2.論文合格率をみてみましょう。下記は、選択科目別の短答合格者ベースの論文合格率です。
科目 | 短答 合格者数 |
論文 |
論文 合格率 |
倒産 | 462 | 255 | 55.1% |
租税 | 138 | 62 | 44.9% |
経済 | 646 | 344 | 53.2% |
知財 | 421 | 229 | 54.3% |
労働 | 884 | 503 | 56.9% |
環境 | 89 | 28 | 31.4% |
国公 | 49 | 26 | 53.0% |
国私 | 269 | 145 | 53.9% |
論文段階では、どの科目を選択したかによる影響が多少出てきます。もっとも、各選択科目の平均点は、全科目平均点に合わせて、どの科目も同じ数字になるように調整され、得点のバラ付きを示す標準偏差も、各科目10に調整されます。ですから、基本的には、選択科目の難易度によって、有利・不利は生じないはずなのです(※)。したがって、論文段階における合格率の差も、基本的には、どのような属性の選択者が多いか、実力者が多いのか、そうではないのか、といった要素によって、変動すると考えることができます。
※ 厳密には、個別のケースによって、採点格差調整(得点調整)が有利に作用したり、不利に作用したりする場合はあり得ます。極端な例でいえば、ある選択科目が簡単すぎて、全員100点だったとしましょう。その場合、全科目平均点の得点割合が45%だったとすると、得点調整後は全員が45点になります(なお、この場合は調整後も標準偏差が10にならない極めて例外的なケースです。)。この場合、選択科目の勉強をたくさんしていた人は、損をしたといえるでしょうし、逆に選択科目をあまり勉強していなかった人は、得をしたといえます。もっと分かりやすいのは、ある選択科目が極端に難しく、全員25点未満だった場合です。この場合は、素点段階で全員最低ライン未満となって不合格が確定する。これは、その選択科目を選んだことが決定的に不利に作用したといえるでしょう。このように、特定の選択科目が極端に易しかったり、難しかったりした場合などでは、どの科目を選んだかが有利・不利に作用します。とはいえ、通常は、ここまで極端なことは起きないので、科目間の難易度の差は、それほど論文合格率に影響していないと考えることができるのです。
論文合格率についても、かつては倒産法がトップになるという傾向が確立していました。ところが、平成26年に初めて国際私法がトップになって以降、この傾向に変化が生じました。
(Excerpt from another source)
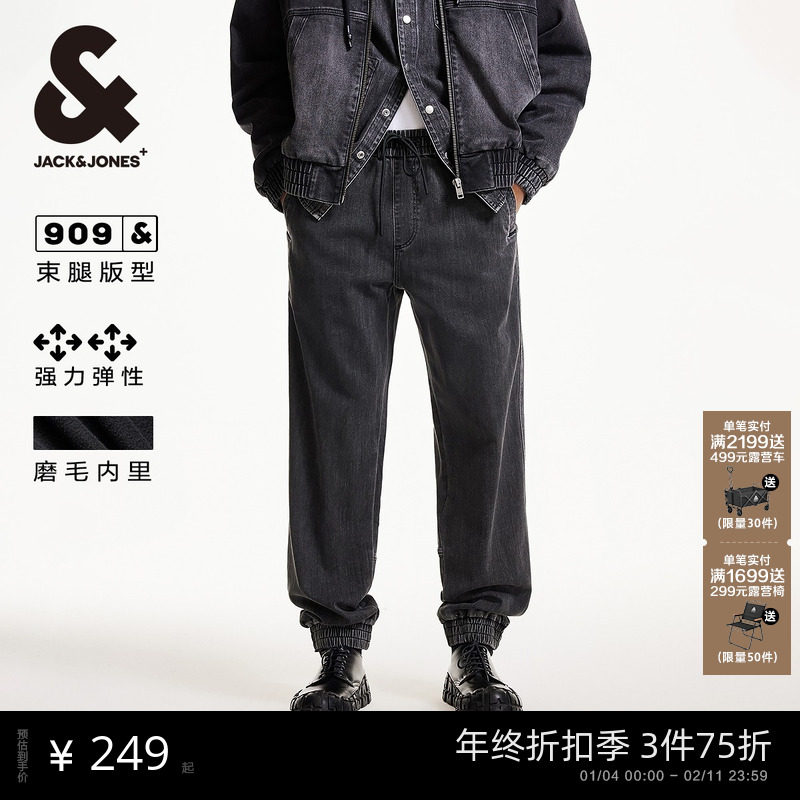 909杰克琼斯男装松紧抽绳腰头束脚弹力牛仔裤男款长裤子秋季,男装,牛仔裤,淘宝优惠券,粉丝福利购,淘宝优惠卷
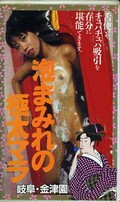 泡まみれの極太マラ 岐阜・金津園(其の19)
以下の表は、平成26年以降で論文合格率トップとなった科目をまとめたものです。
年 | 論文合格率 トップの科目 |
平成26 | 国際私法 |
平成27 | 経済法 |
平成28 | 倒産法 |
平成29 | 国際公法 |
平成30 | 経済法 |
令和元 | 倒産法 |
令和2 | 労働法 |
令和3 | 経済法 |
令和4 | 経済法 |
令和5 | 経済法 |
令和6 | 労働法 |
今年は、4年ぶりに労働法がトップとなりました。もっとも、租税法・環境法を除けば、他の科目もそれなりの合格率なので、圧倒的優位とまではいえない状況です。このように、上位に顕著な差が生じなくなったことが、最近の傾向です。
一方で、下位については、例年、国際公法・環境法の論文合格率が低い傾向にあります。今年は、国際公法が結構普通である一方で、環境法は、ダントツの最下位となりました。「環境」というキーワードに惹きつけられやすい層に未修者が多いという可能性はありそうです。ブレが大きいのが国際私法で、かつては国際公法と同様に低い合格率でしたが、一時期、むしろ合格率上位のグループに属する傾向となり、大学在学中の予備試験合格者の選択が増えたみえたのでした。ところが、令和元年から低い論文合格率となり、一昨年までは低めの論文合格率で推移していましたが、昨年・今年と真ん中くらいの合格率になっています。短答の合格率も下がっているところからみて、予備組があまり選択しなくなったのでしょう。倒産法、労働法、経済法の強さと併せて考えると、予備組の選択傾向が国際私法から倒産法、労働法、経済法に移った可能性が高そうです。直近の予備試験出願者の選択傾向をみても、国際私法は1割弱であり、労働法・倒産法・経済法の方が人気があることが分かります(「令和4年司法試験予備試験の出願状況について」、「令和5年司法試験予備試験の出願状況について」、「令和6年司法試験予備試験の出願状況について」)。